So, it looks like, when libffi is not compiled with -O but with -O0 -g, that in 64bit ffi_call_DARWIN() is call in both cases (memchr_args_hack and memchr_args_hack2).
However, as seen previously, it was not the case with libffi built with -O .

Moreover, we have in source code:
  switch (cif->abi)
    {
    case FFI_AIX:
      ffi_call_AIX(&ecif, -(long)cif->bytes, cif->flags, ecif.rvalue, fn,
                   FFI_FN(ffi_prep_args));
      break;
    case FFI_DARWIN:
      ffi_call_DARWIN(&ecif, -(long)cif->bytes, cif->flags, ecif.rvalue, fn,
                      FFI_FN(ffi_prep_args), cif->rtype);

Why calling ffi_call_DARWIN instead of ffi_call_AIX ?

Hummm Will rebuild libffi and python both with gcc -O0 -g -gdwarf and look at details.
msg374375 - (view) Author: Tony Reix (T.Rex) Date: 2020-07-27 13:03
After adding traces and after rebuilding Python and libffi with -O0 -g -gdwarf, it appears that, still in 64bit, the bug is still there, but that ffi_call_AIX is called now instead of ffi_call_DARWIN from ffi_call() routine of ../src/powerpc/ffi_darwin.c (lines 915...).
???

# ./Pb.py
TONY: libffi: src/powerpc/ffi_darwin.c : FFI_AIX
TONY: libffi: cif->abi: 1  -(long)cif->bytes : -144  cif->flags : 8  ecif.rvalue : fffffffffffd1f0  fn: 9001000a0082640  FFI_FN(ffi_prep_args) : 9001000a0483be8
b'def'
TONY: libffi: src/powerpc/ffi_darwin.c : FFI_AIX
TONY: libffi: cif->abi: 1  -(long)cif->bytes : -144  cif->flags : 8  ecif.rvalue : fffffffffffd220  fn: 9001000a0082640  FFI_FN(ffi_prep_args) : 9001000a0483be8
b'def'
TONY: libffi: src/powerpc/ffi_darwin.c : FFI_AIX
TONY: libffi: cif->abi: 1  -(long)cif->bytes : -144  cif->flags : 8  ecif.rvalue : fffffffffffd220  fn: 9001000a0082640  FFI_FN(ffi_prep_args) : 9001000a0483be8
None

In 32bit with same build environment, a different code is run since the traces are not printed.

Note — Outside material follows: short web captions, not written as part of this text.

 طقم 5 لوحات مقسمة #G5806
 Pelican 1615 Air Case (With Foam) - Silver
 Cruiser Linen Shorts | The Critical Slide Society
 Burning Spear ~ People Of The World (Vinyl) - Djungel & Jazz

Thus, 32bit and 64bit are managed very differently.
msg374389 - (view) Author: Tony Reix (T.Rex) Date: 2020-07-27 15:50
Fedora32/x86_64 : Python v3.8.5 has been built.
Issue is still there, but different in debug or optimized mode.
Thus, change done in https://bugs.python.org/issue22273 did not fix this issue.

./Pb-3.8.5-debug.py :
#!/opt/freeware/src/packages/BUILD/Python-3.8.5/build/debug/python
...

i./Pb-3.8.5-optimized.py :
#!/opt/freeware/src/packages/BUILD/Python-3.8.5/build/optimized/python


BUILD=debug
export LD_LIBRARY_PATH=/opt/freeware/src/packages/BUILD/Python-3.8.5/build/debug:/usr/lib64:/usr/lib
export PYTHONPATH=/opt/freeware/src/packages/BUILD/Python-3.8.5/build/debug/Modules
./Pb-3.8.5-debug.py
b'def'
None
None

BUILD=optimized
export LD_LIBRARY_PATH=/opt/freeware/src/packages/BUILD/Python-3.8.5/build/optimized:/usr/lib64:/usr/lib
export PYTHONPATH=/opt/freeware/src/packages/BUILD/Python-3.8.5/build/optimized/Modules
+ ./Pb-3.8.5-optimized.py
b'def'
Pb-3.8.5.sh: line 6: 103569 Segmentation fault      (core dumped) ./Pb-3.8.5-$BUILD.py
msg374392 - (view) Author: Tony Reix (T.Rex) Date: 2020-07-27 15:58
Fedora32/x86_64 : Python v3.8.5 : optimized : uint type.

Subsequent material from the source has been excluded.